EXERCISE -
Below are some records. Return exactly the lines from the one with "Neon icon of" to the one with "Miniatura 5 de", and nothing else.

DATA FOR ANALYSIS -

####################

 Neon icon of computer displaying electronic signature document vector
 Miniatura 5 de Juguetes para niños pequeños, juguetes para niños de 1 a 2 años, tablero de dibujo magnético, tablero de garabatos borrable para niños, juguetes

####################

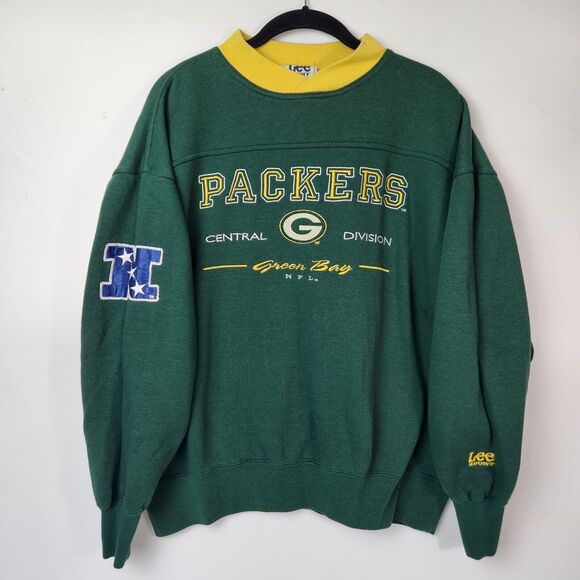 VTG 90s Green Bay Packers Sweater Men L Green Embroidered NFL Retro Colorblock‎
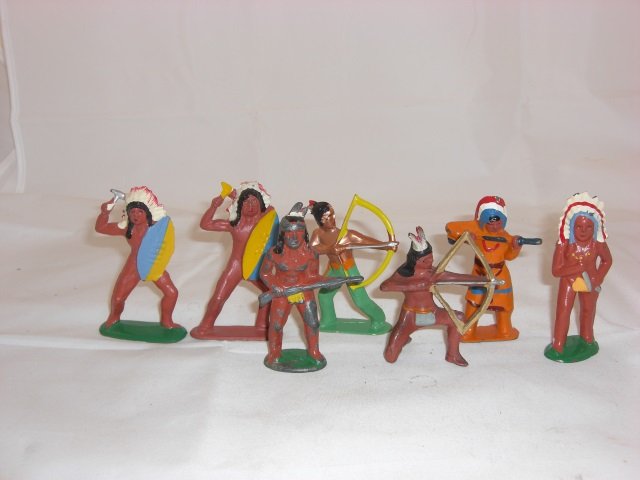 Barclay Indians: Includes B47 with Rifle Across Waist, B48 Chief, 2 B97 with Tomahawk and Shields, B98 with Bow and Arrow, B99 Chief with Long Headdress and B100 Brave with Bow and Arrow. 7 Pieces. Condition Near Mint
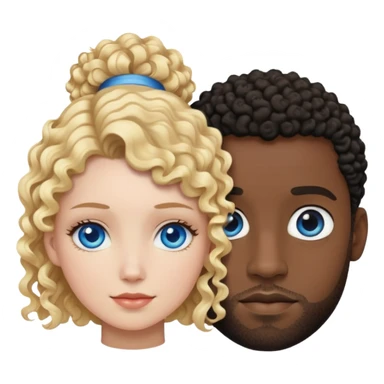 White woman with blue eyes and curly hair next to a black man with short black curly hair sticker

####################

TASK RESULT -
 Neon icon of computer displaying electronic signature document vector
 Miniatura 5 de Juguetes para niños pequeños, juguetes para niños de 1 a 2 años, tablero de dibujo magnético, tablero de garabatos borrable para niños, juguetes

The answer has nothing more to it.